> **TASK STATEMENT**
Lines from the one containing "Piecera Tejido Macrame 50x210 Cm" through the last line of the records below need to be repeated exactly; nothing else, and no pictures.

> **DATA RECORDS**
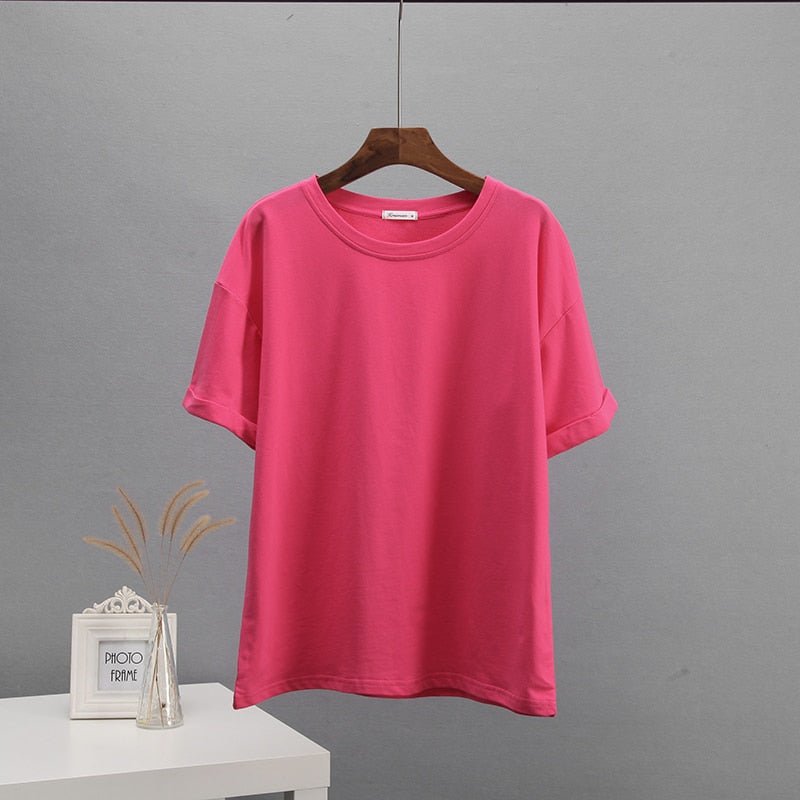 Summer Cotton Sets Women Casual Two Pieces Short Sleeve - Taylor K Shop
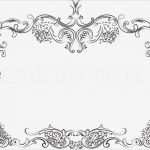 Speisekarten Vorlagen Jede Vorlage Kostenlos Runterladen Großartig Königliche ornate Kalligraphie Rahmen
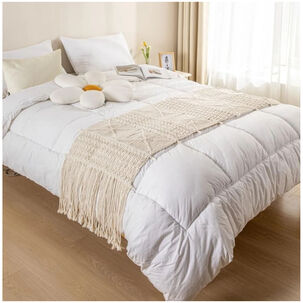 Piecera Tejido Macrame 50x210 Cm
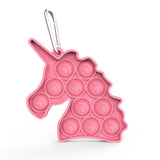 POP The Bubble Keychain-Shapes Assorted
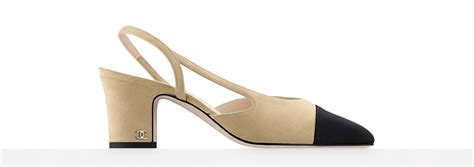 scarpe chanel classiche|Chanel: le slingback bicolore sono le scarpe più .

> **ANSWER SPACE**
 Piecera Tejido Macrame 50x210 Cm
 POP The Bubble Keychain-Shapes Assorted
 scarpe chanel classiche|Chanel: le slingback bicolore sono le scarpe più .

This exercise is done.